I am new to Scheme; I am writing a program that recursively defines multiplication in terms of repeated addition:
(define multiply
(lambda (a b)
(if (= b 0)
0
(+ a (multiply(a, (- b 1)))))))
However, when I attempt to run the program I am getting the error message:
;Unbound variable: unquote
What is the error message referring to, and how can I rectify it?
Since you are familiar with the algol family language (python) I can tell you the lisp family has different syntax:
fun(a, b, c)
Is written like this:
(fun a b c)
Thus the source of your error is that the comma and parentheses are interpreted different in lisp languages.
What is the error message referring to?
In lisp family you can actually have code as data by adding characters that makes the code literals instead. So '(fun a b c) becomes (fun a b c) as a data structure after evaluation since you have a ' in front of it and it works like if you had code(a,b,c) in python and surrounded it with quotes like 'code(a,b,c)'. Python would evaluate it as string and not code right? Well lisp languages does the same with literal data structures. There are 2 additional ones. quasiquote ` and unquote ,. Looking familiar doesn't it? Well as an assimilation the normal quote is like single quoted strings where the string is exactly literal while quasiquote is like double quoted ones and the unquote is for interpolation for code so that what remains in the structure is the result of those expressions. Here is an example:
`(a b ,(+ 3 4)))
; ==> (a b 7)
Now in lisp languages the reader usually converts this at read time so that the code that gets interpreted never actually see the ', `, or ,. Scheme standard doesn't say what it should be named so it's implementation defined, however most languages use these:
''`(a b ,(+ 3 4))
; ==> (quote (quasiquote (a b (unquote (+ 3 4)))))
Only the outermost quote is evaluated so in this case the other quotes you see in the result is data and not part of code. An implementation is free to show the short form when presenting a data structure so that:
'(quote (unquote quote))
; ==> ',quote
; ==> (quote (unquote quote))
It's actually the same value but rather how they display it is a variation if you were to take the car of it it would present the symbol quote since it really is the second structure that is the real value.

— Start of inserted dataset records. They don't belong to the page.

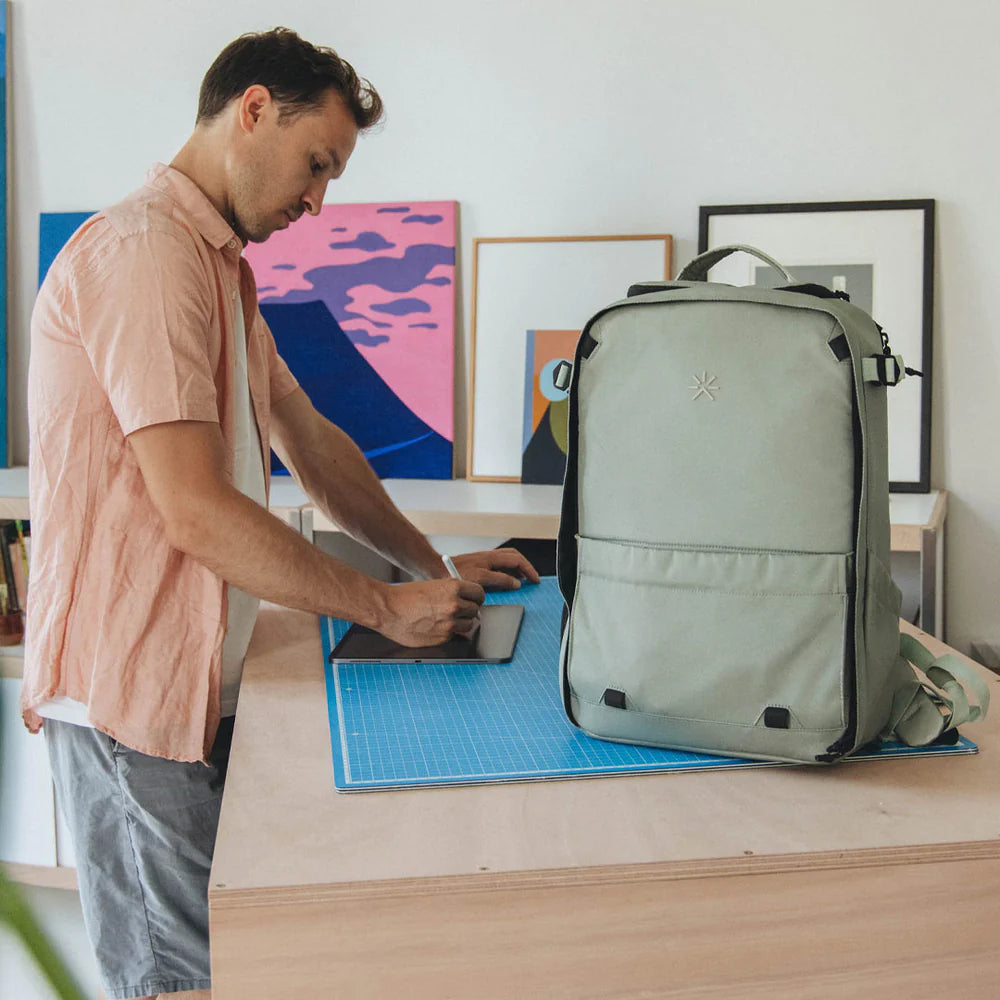 Nest Backpack Desert Green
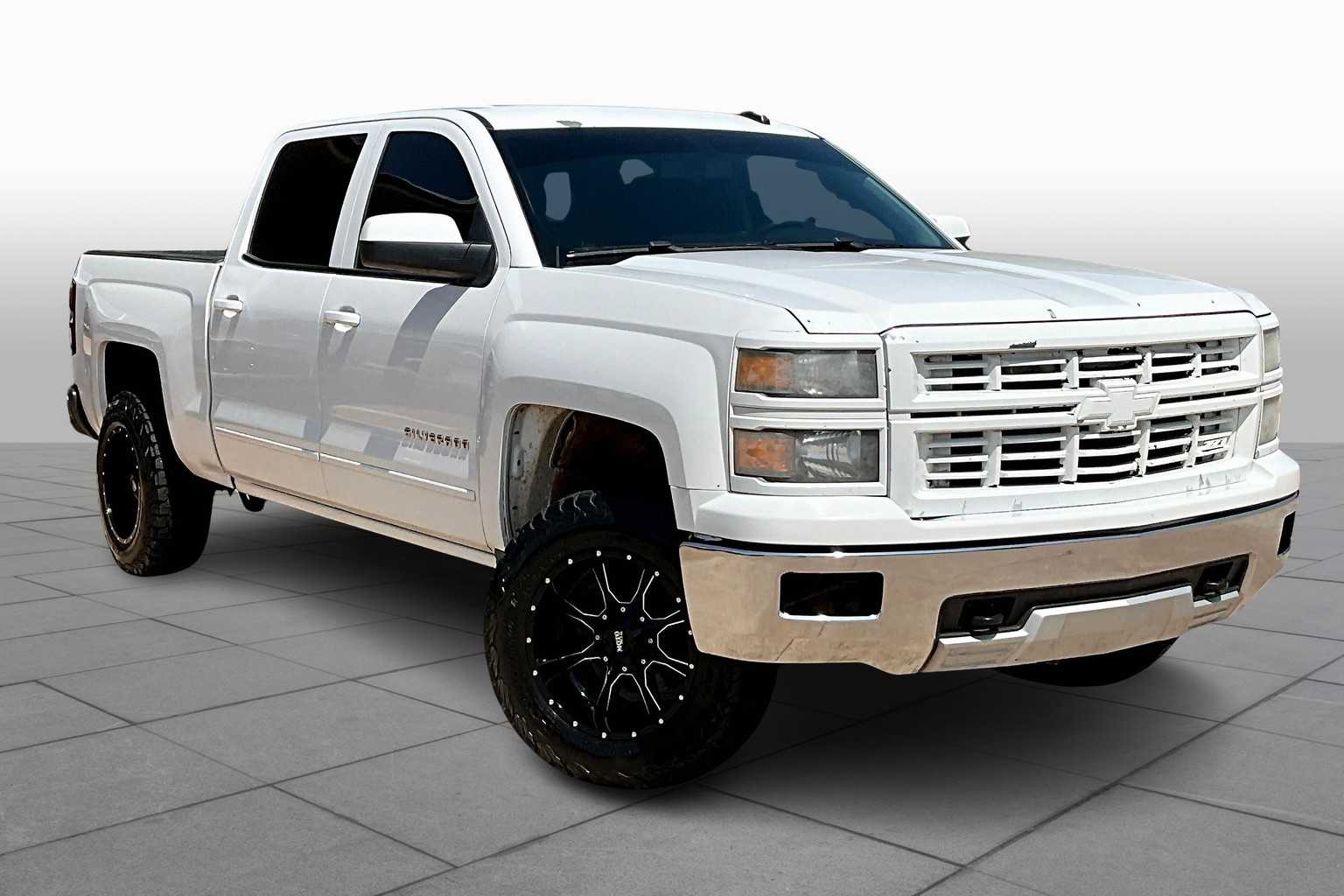 2015 Chevrolet Silverado 1500 LT photo 2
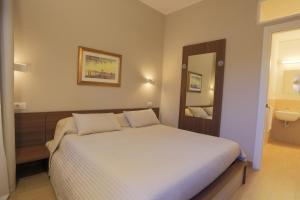 A bed or beds in a room at Temenos Villa by Ortigiaapartments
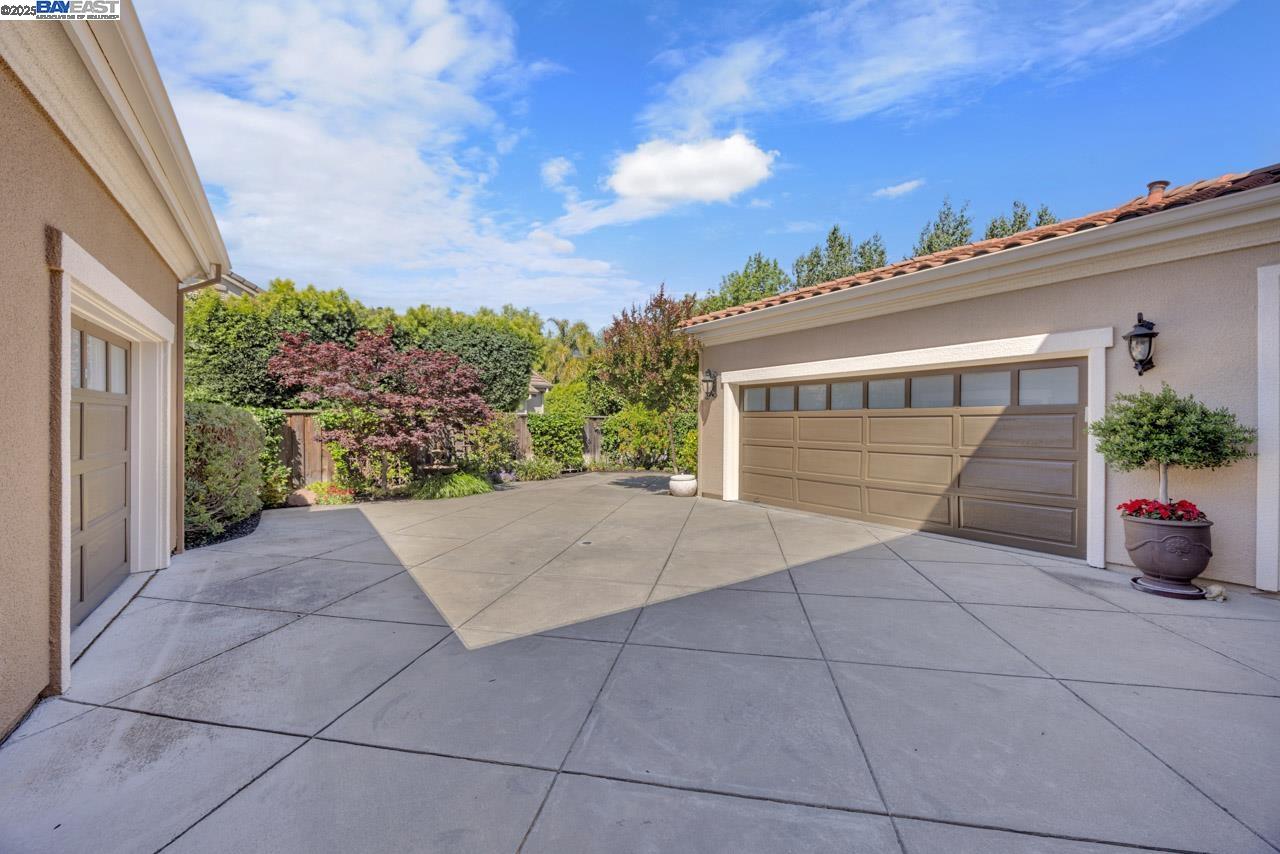 7193 Rosecliff Ct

In your code the expression (a, (- b 1)) is read in as (a (unqote (- b 1))) and after the successful subtraction the function unquote is to be applied, then the function a is to be applied to it's result. Neither would work but since the arguments must be evaluated before application the order is set so Scheme will complain about unquote first, then a later if you would remove the comma.
In addition to the totally correct answer above: when you're learning to program, one of the most important skills is learning how to isolate your errors by removing the parts of your program that can be removed without changing the error, to arrive at a smallest possible program that shows the error. This will save you lots of time in the long run!
Scheme uses whitespace to separate arguments, not commas (the unquote operator spoken of in the error message).